Se quiser participar, é só mandar um e-mail pra organizadora em juliadantas@gmail.com pra combinar uma data pro teu relato. Os participantes estão em Porto Alegre ou abandonaram a cidade temporariamente para a quarentena.

2.6.20

Dia 77: por André Santos

Vou tirar de letra, pensei. Vai ser suave. Eu sou muito caseiro, então não vai ter problema nenhum. Quando a quarentena começou, eu não senti a diferença na transição. Um ou outro compromisso foi cancelado, sim, mas isso só me deixou aliviado. Vou poder ficar em casa, pensei.

Hoje, eu perdi a noção do tempo. Não só de quanto tempo faz que tudo começou, mas de quando está claro ou quando está escuro sem olhar para o relógio. Lembro, mais ou menos, de quando comecei a “virar a noite”, e depois quando comecei a acordar no meio da noite, e de quando meu horário voltou ao normal porque eu agora estava “virando o dia”. Eu estou virando a virada.

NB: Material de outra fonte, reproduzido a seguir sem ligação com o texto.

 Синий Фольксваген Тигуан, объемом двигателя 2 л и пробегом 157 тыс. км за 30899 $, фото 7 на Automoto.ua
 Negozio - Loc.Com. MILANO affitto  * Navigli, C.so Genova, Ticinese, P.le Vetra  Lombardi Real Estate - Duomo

Me peguei jantando as cinco da manhã várias vezes e, tentando computar as experiências auto impostas, descobri que, apesar de estar bastante tenso, eu sou resistente à privação do sono até certo ponto. Ainda conseguia fazer exercícios físicos, já os exercícios mentais... Eu não consigo me concentrar muito nas leituras e nem na escrita. Hoje eu estou me forçando, tentando ajustar os horários, mas ainda está complicado.

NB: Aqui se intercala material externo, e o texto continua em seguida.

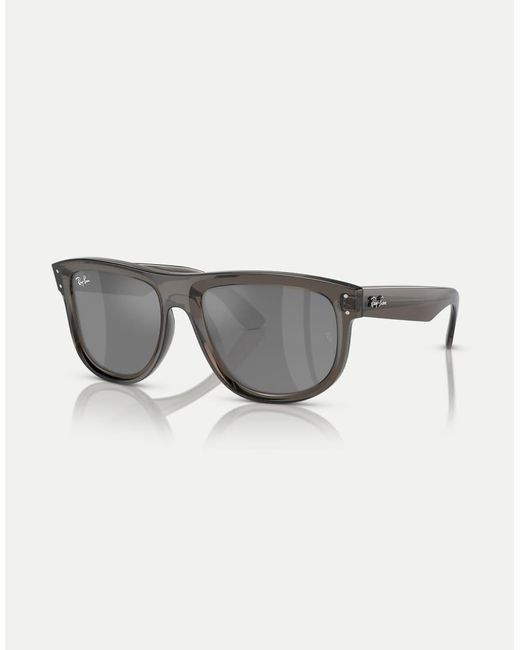 Boyfriend di Ray-Ban in Gray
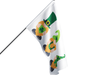 3x5' Shamrock Gnomes Polyester Flag - Made in USA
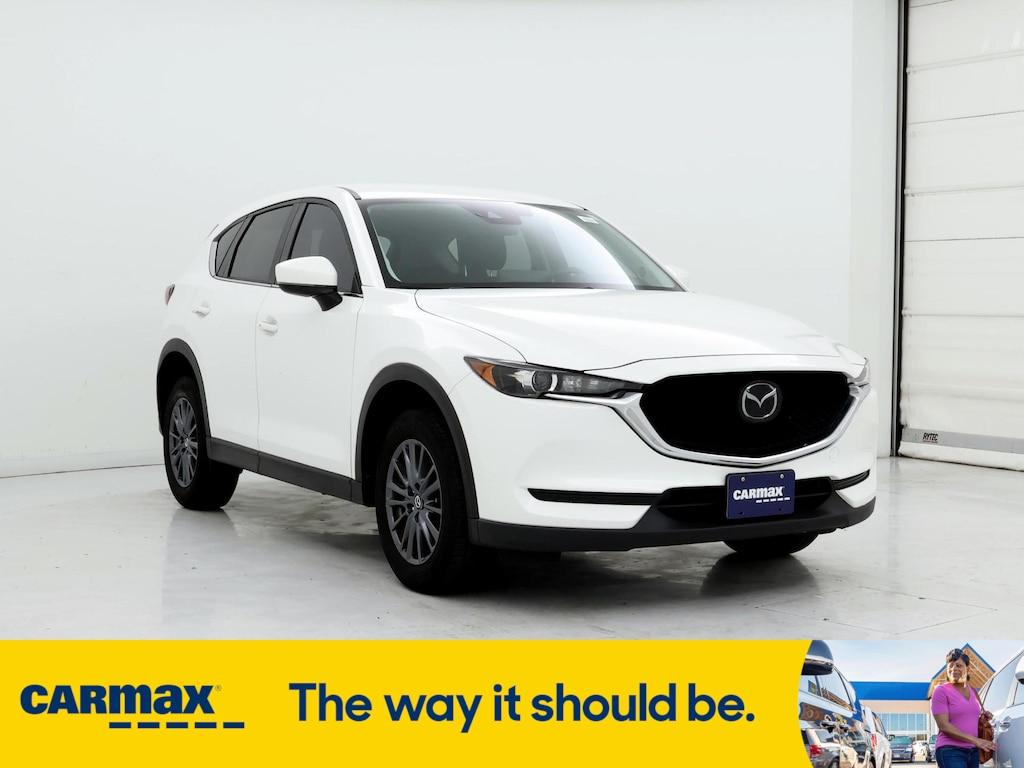 used 2021 Mazda CX-5 car, priced at $23,998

Meu banco tentou me matar duas vezes nesse meio tempo, me arranjando problemas para resolver com a minha conta, e foram essas as duas vezes que tive que sair para algum lugar que não fosse o mercadinho. Uma delas foi hoje. Lá estava eu no ônibus lotado, sentindo receio mais por aquelas outras pessoas do que por mim. Tenho parentes que trabalham em posto de saúde, minha mãe é uma delas. Eu sei como a situação está complicada. Eu escrevi um texto a pedido deles. Me agradeceram muito, principalmente a psicóloga que trata o pessoal.

A tia e o tio do mercadinho, por sinal, sofrem as consequências de serem minha única interação pessoal. Eu tento tirar o melhor dessa situação, pois ao menos tenho saúde, tenho casa e sustento. Como sou brincalhão, não tem um dia que eu não finja estar tentando roubar um pacote de salgado com ele enfiado dentro da roupa, e eles ficam rindo de mim enquanto tento escapulir com aquela protuberância saindo por baixo do moletom. Hoje vocês me pegaram, eu digo soltando o pacote e pagando por ele; mas nunca se sabe o dia de amanhã. No outro dia: qual o detergente mais caro que vocês têm ai?, eu pergunto. Oba! Vai abrir a mão! Aquele ali é o mais caro, eles apontam. Pois então me vê o outro.

E assim eu vou indo.

Eles começaram a controlar minha alimentação melhor que eu também. Estão limitando minha quantidade de bobagens e me instigando a comprar coisas mais saudáveis. Tudo sempre na base da brincadeira: bolacha recheada de novo?! Ah, não! Pode largar isso lá!

Faz muito sentido, né? Se privando de vender um pouco, eles garantem o meu bem-estar. Morto ficaria mais difícil de continuar sendo cliente.